Farmer will no longer receive subsidies for having solar farms on their land, under new rules put forward by the Department for Environment, Food and Rural Affairs (Defra).

The plans aim to ensure that more agricultural land is dedicated to growing crops and food by making it less financially attractive for farmers to install solar panels.

Farmers will lose their right to claim subsidies for fields filled with solar panels under the plans, which Defra claims, to “will help rural communities who do not want their countryside blighted by solar farms”.

The change will come into effect from January 2015 and means that farmers who choose to use fields for solar panels will not be eligible for any farm subsidy payments available through the Common Agricultural Policy for that land.

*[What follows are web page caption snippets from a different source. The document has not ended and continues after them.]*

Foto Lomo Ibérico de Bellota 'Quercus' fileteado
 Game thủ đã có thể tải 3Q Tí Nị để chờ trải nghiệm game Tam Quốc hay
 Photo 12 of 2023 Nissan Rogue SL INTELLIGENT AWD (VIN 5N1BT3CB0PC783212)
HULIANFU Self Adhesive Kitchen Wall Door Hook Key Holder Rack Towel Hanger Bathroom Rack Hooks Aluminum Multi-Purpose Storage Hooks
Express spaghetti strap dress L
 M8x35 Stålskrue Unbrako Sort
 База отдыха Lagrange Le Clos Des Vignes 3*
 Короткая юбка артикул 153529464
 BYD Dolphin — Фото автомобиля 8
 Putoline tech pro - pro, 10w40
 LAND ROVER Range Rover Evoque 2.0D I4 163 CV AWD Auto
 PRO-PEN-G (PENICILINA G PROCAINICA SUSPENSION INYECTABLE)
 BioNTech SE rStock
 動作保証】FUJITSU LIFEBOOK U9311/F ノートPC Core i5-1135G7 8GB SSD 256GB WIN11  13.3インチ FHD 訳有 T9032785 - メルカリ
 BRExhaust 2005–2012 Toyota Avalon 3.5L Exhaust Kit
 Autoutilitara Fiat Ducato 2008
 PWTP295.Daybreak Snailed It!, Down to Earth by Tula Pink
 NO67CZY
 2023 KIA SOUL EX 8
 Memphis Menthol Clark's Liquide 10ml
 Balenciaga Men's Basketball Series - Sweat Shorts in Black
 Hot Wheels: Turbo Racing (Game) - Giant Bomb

Environment secretary, Elizabeth Truss, said: “English farmland is some of the best in the world and I want to see it dedicated to growing quality food and crops.

“I do not want to see its productive potential wasted and its appearance blighted by solar farms.

“Farming is what our farms are for and it is what keeps our landscape beautiful.

“I am committed to food production in this country and it makes my heart sink to see row upon row of solar panels where once there was a field of wheat or grassland for livestock to graze.”

She added that solar panels are “best placed on the 250,000 hectares” of south facing commercial and industrial rooftops.

The changes to the subsidy regime are stated to potentially save taxpayers up to £2 million per year.

The move follows other decisions by the government to end support for solar farms on agricultural land, including ending subsidies for large scale solar (above 5MW) farms from 1 April 2015.